A Few Days Prior
November 9, 2007
Duncan Johnson unlatched the kitchen window and shoved it open. The cool breeze brought physical comfort, but did nothing to ease his mind. Seconds earlier, he had opened a small white envelope and discovered his fate.
YOU WILL DIE AND YOU KNOW WHY.
The message appeared to have been assembled with clippings from magazines and newspapers. Each letter had a different font, color, style, and background, neatly glued to the page.
His nose twitched at the spicy scent that radiated from the note. It was a perfume that was familiar, but hard to recollect. The page slipped from his sweaty fingers and fell onto the pile of mail beneath him on the marble counter.
Who was this mystery lady and why would she want him dead?
Closing his eyes, he recalled a collection of perfume on his wife’s vanity. Nikki changed scents as often as she changed attire, which was several times a day.
She was no killer, though, and his wife was the last person he wanted to suspect. But after what had happened during the previous month, he began to wonder if this could be her way of paying him back for the pain he had caused.
“Is Duncan here?”
Duncan heard the woman’s voice echoing from the living room in his office two rooms over. He stood up from the desk, abandoning his computer to see who was at the front door.

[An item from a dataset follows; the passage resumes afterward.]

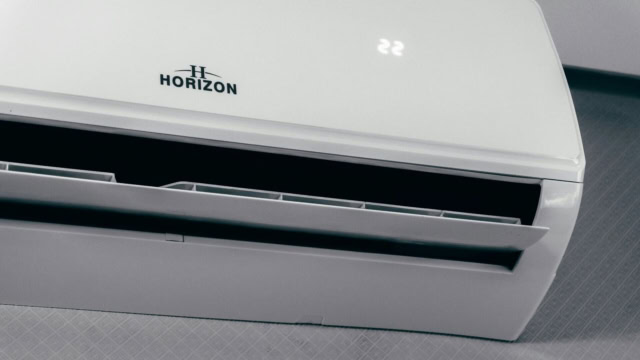climatizzatore horizon da parete con display 22°c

“And who are you?” Nikki asked the lady.
“Are you Nikki?”
Marie! How did she find out where he lived?
Duncan rushed down the hallway with hopes that he would be able to explain everything to Nikki, but it was too late. Marie was already filling Nikki’s ears with what he should have told her about three years earlier.
His seventeen-year-old stepson, Rayshad, lay across the couch with his legs crossed, ignoring the magazine in his lap, listening to their conversation.
“I know Duncan probably didn’t tell you about me,” she went on, “but my name is Marie, his baby’s mother.”
Nikki looked back and forth between the lady and small child. “Excuse me?”
Duncan stood quietly behind Nikki in the doorway frame of the hallway.
“That can’t be possible,” Nikki said. “Duncan doesn’t have any children.”
“Maybe not to your knowledge.”
“How old is she?”
Marie adjusted the toddler on her hip and smiled down into the baby’s face. “Demetria just turned three.”
“What are you doing here?” Duncan slowly stepped out of the shadows.
Marie looked at Duncan with a twisted lip. “What am I doing here? I shouldn’t have to play detective to get you to see your daughter.” She stepped forward and shoved the little girl into Duncan’s arms. “Her name is Demetria, in case you forgot.”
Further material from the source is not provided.